Electric vehicles may cut global refining capacity demand by half in 2050
By Florence Tan
SINGAPORE (Reuters) – A global drive towards electrification of road transport to reduce carbon emissions may cut demand for the world’s oil refining capacity by half in 2050, consultancy Rystad Energy says.
Senior vice president Mukesh SAHdev of Rystad Energie, said that by 2050, we would be at least 90% of electrification. He added that this would likely lead to a half-off in world refining capacity.
While electric cars will reduce global gasoline and diesel consumption, there will likely be a higher demand for refined oils in the aviation, maritime, and petrochemical industries. However, this will present a challenge for the refining sector.
How will we meet these demands when there is a half-scale reduction in our refining capacities? He said that he believes that this is a sign that there might be a lot more demand than we have capacity to meet.
The entire supply chain will see a substantial rationalization in downstream assets.
He said that cokers would need to adjust their production in order to make more graphite for batteries.
However, the global oil market could see a rise in the near term.
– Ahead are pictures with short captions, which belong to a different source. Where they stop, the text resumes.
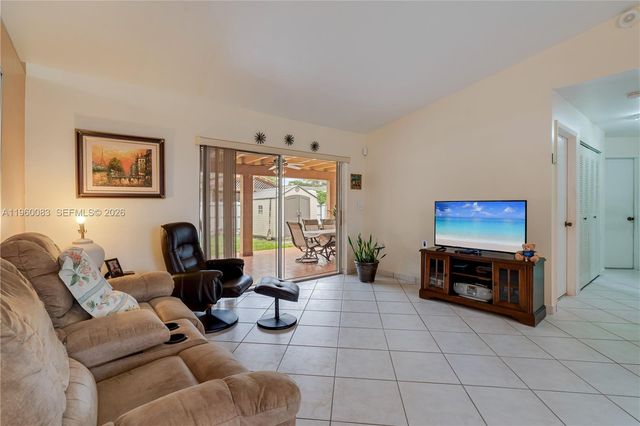 20103 NW 57th Pl, Hialeah, FL 33015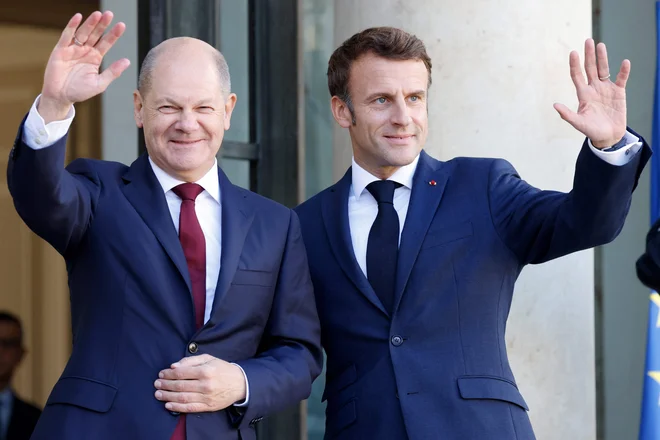 Olaf Scholz in Emmanuel Macron krojita jutrišnjo Evropo. FOTO:&nbsp;Ludovic Marin/AFP
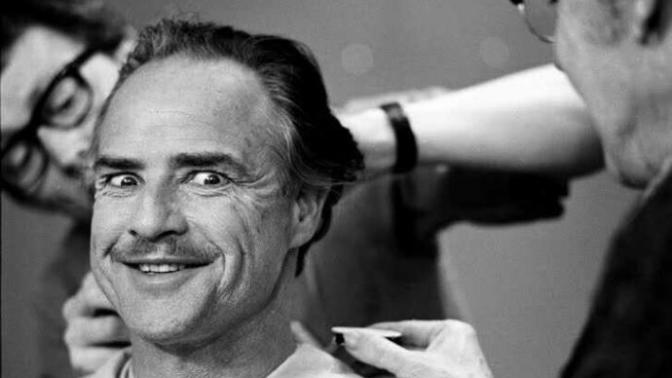Marlon Brando kadın olsa çocuk doğurmayı kabul eder miydi?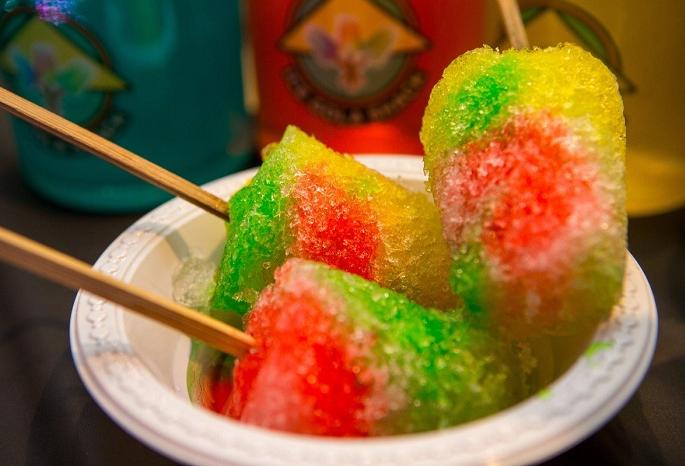 ice in summer dangerous for health | बर्फगोला ठरतोय आजारांना कारणीभूत ; सॅक्रिन मिश्रीत रंग आरोग्यासाठी घातक ice in summer dangerous for health | बर्फगोला ठरतोय आजारांना कारणीभूत ; सॅक्रिन मिश्रीत रंग आरोग्यासाठी घातक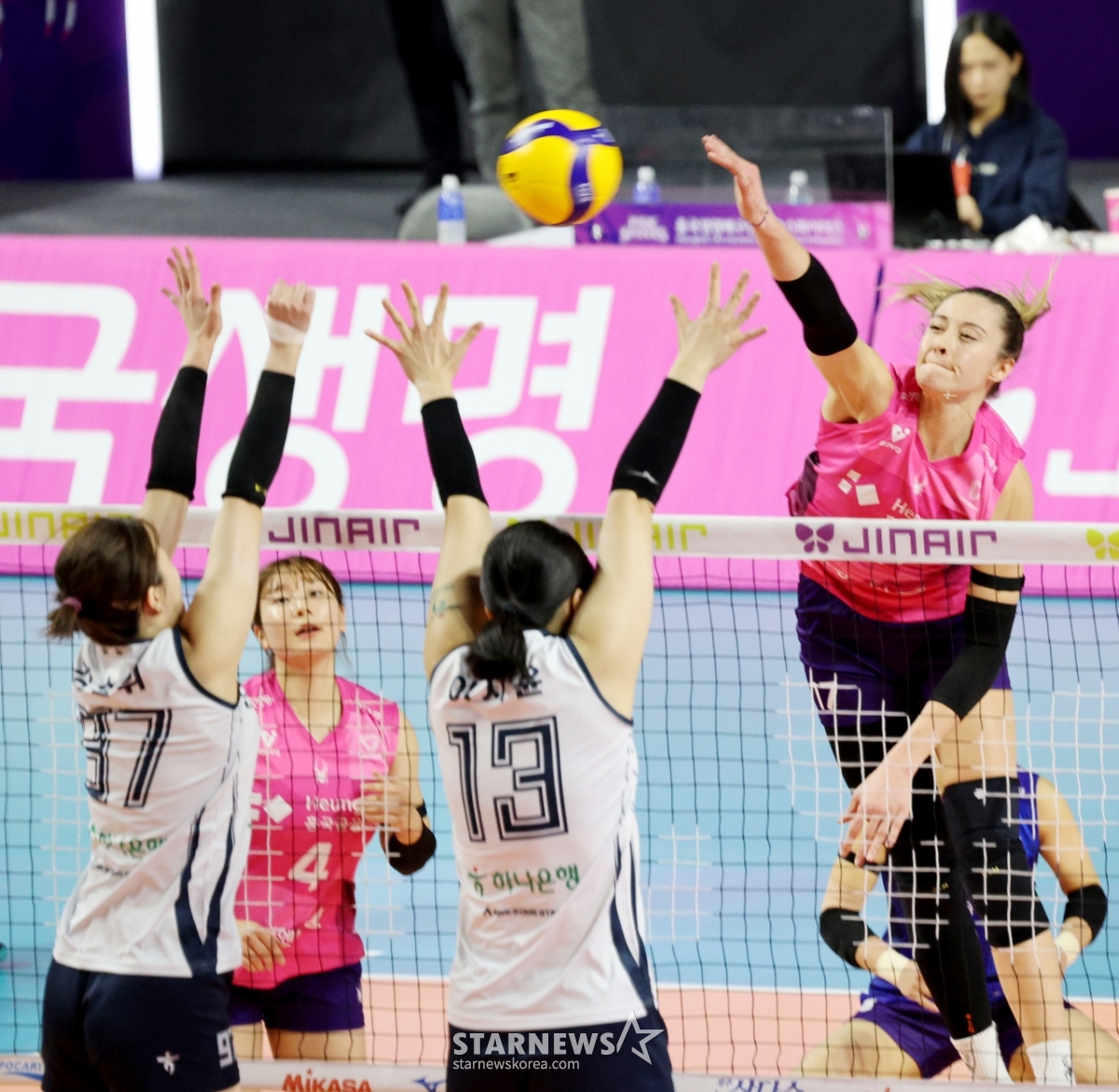 [포토] '아..블로킹에 막힌겨?' 레베카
As refiners increase gasoline production, the consultancy anticipates that the COVID-19-related oil shortage will drive global crude processing up to 80.1million barrels per day by 2021.
Fusion Media or anyone involved with Fusion Media will not accept any liability for loss or damage as a result of reliance on the information including data, quotes, charts and buy/sell signals contained within this website. Trading the financial markets is one of most risky investment options. Please make sure you are fully aware about the costs and risks involved.